_EXERCISE OBJECTIVE_
Below is a listing with pictures in it; transcribe exactly the lines from the one that has "Double Click ตอนที่ 59 รูปที่ 11" through the one that has "米兰真人-索肖硬碰硬,殊死一战取得胜利", and omit those pictures.

_EXCERPTED DATA_
*****

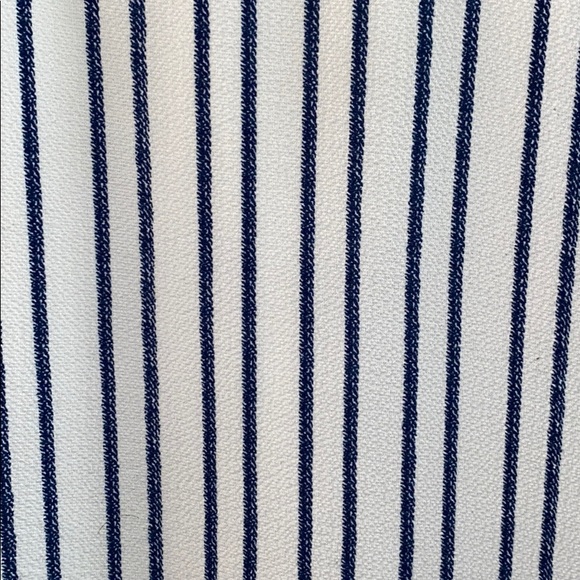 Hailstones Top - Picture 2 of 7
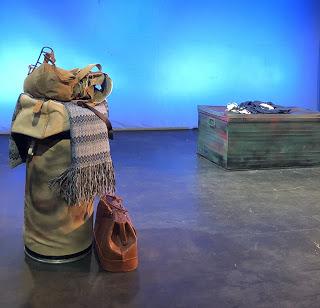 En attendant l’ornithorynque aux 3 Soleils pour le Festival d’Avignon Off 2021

*****

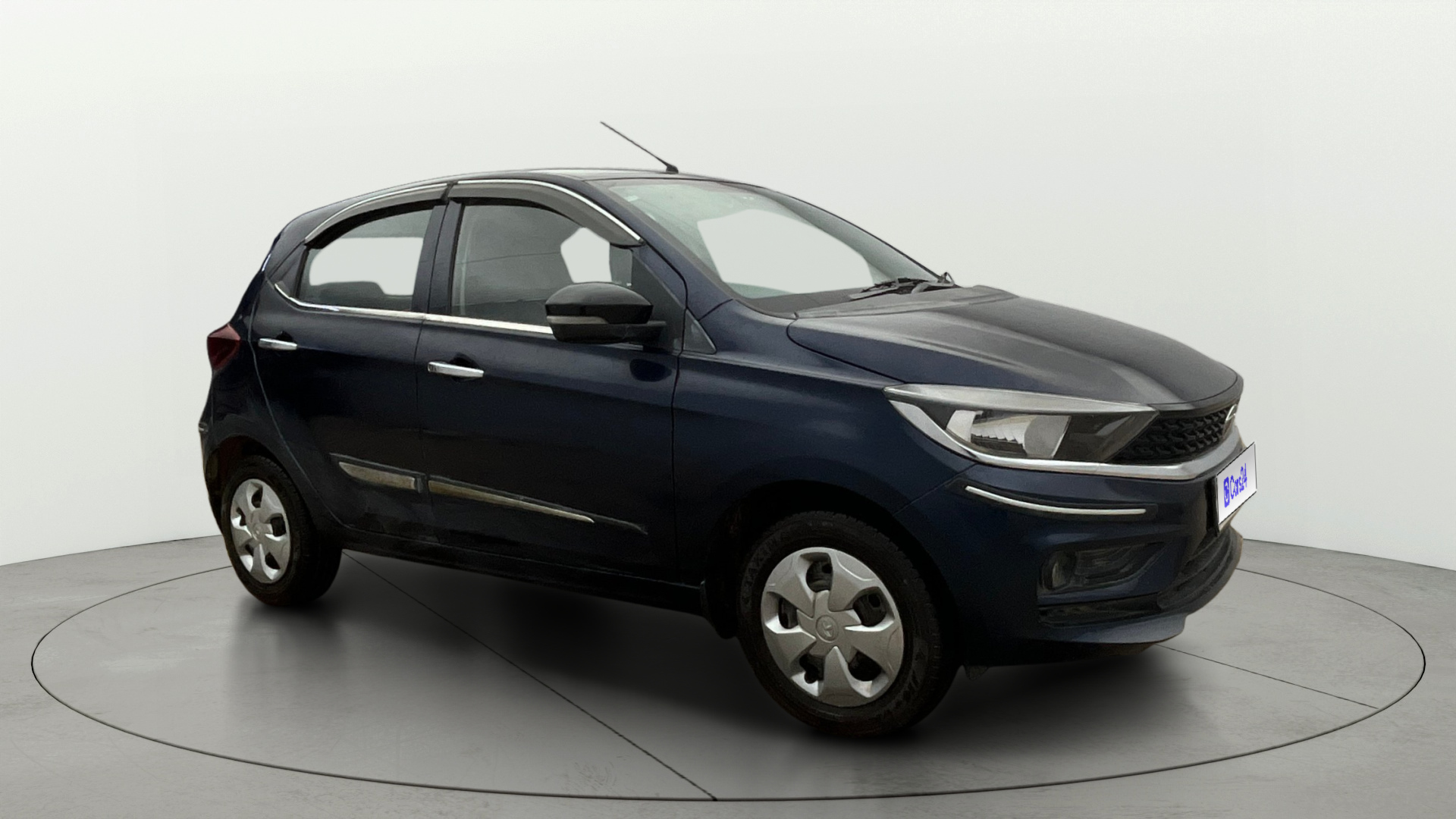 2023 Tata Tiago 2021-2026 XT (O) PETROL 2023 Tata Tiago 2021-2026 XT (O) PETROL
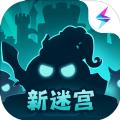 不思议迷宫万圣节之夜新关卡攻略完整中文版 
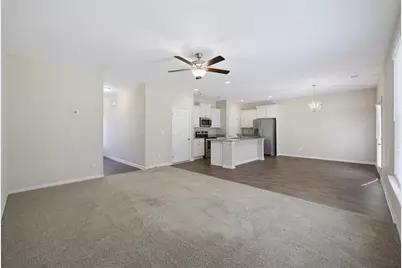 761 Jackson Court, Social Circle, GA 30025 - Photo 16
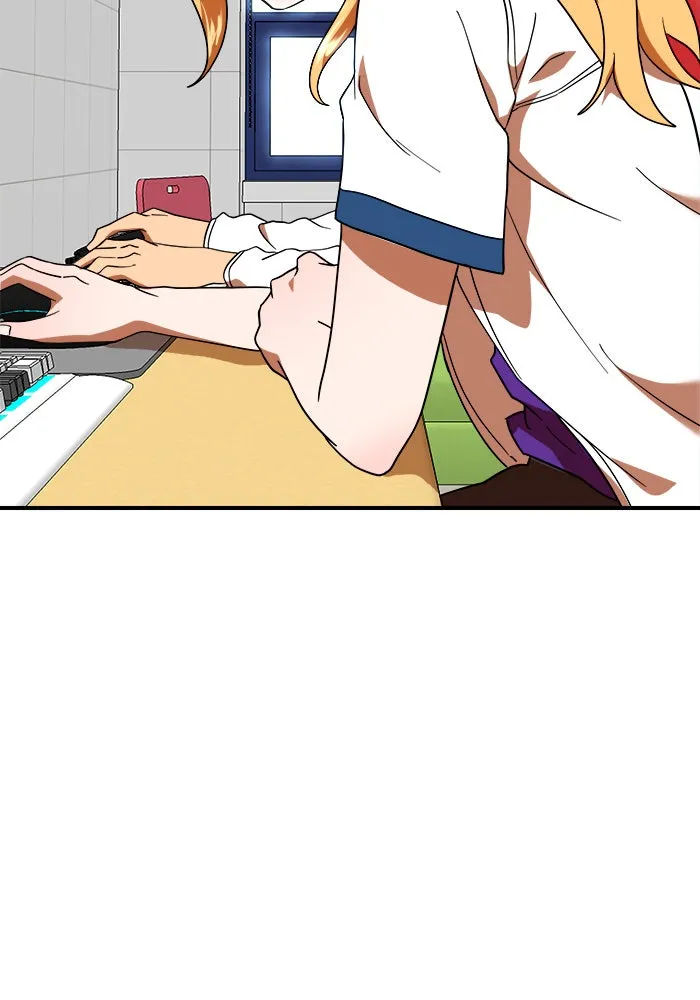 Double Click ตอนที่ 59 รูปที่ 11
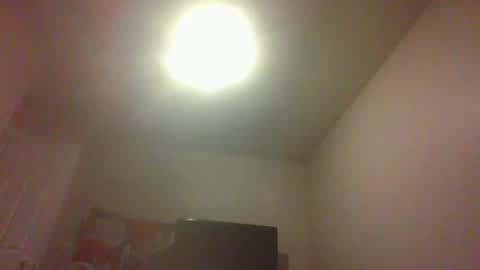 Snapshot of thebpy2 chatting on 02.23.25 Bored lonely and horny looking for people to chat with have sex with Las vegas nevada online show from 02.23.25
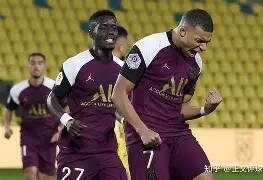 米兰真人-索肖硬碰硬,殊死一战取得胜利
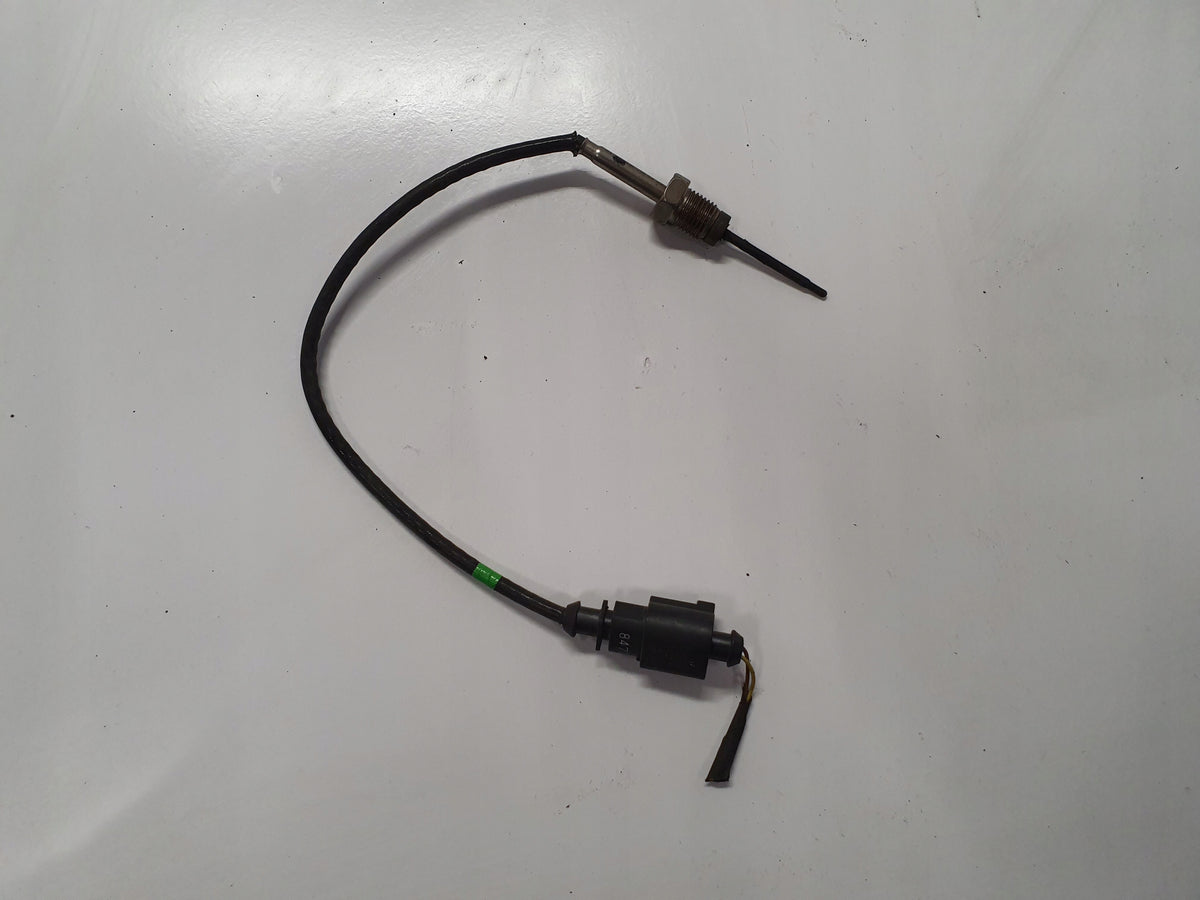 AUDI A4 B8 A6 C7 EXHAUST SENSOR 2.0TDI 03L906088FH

*****

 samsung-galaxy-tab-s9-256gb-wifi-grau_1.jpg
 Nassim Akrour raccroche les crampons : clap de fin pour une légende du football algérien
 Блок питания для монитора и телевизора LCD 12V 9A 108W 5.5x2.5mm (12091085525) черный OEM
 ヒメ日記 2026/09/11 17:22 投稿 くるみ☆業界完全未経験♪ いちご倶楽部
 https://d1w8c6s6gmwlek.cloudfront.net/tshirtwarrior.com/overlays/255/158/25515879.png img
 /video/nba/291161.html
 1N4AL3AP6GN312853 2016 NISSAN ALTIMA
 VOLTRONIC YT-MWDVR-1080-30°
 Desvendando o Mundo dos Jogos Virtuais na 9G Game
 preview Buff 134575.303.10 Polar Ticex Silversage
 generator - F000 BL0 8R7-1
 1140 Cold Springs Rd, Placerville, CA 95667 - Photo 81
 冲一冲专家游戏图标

*****

_SOLUTION FOR THIS TASK_
 Double Click ตอนที่ 59 รูปที่ 11
 Snapshot of thebpy2 chatting on 02.23.25 Bored lonely and horny looking for people to chat with have sex with Las vegas nevada online show from 02.23.25
 米兰真人-索肖硬碰硬,殊死一战取得胜利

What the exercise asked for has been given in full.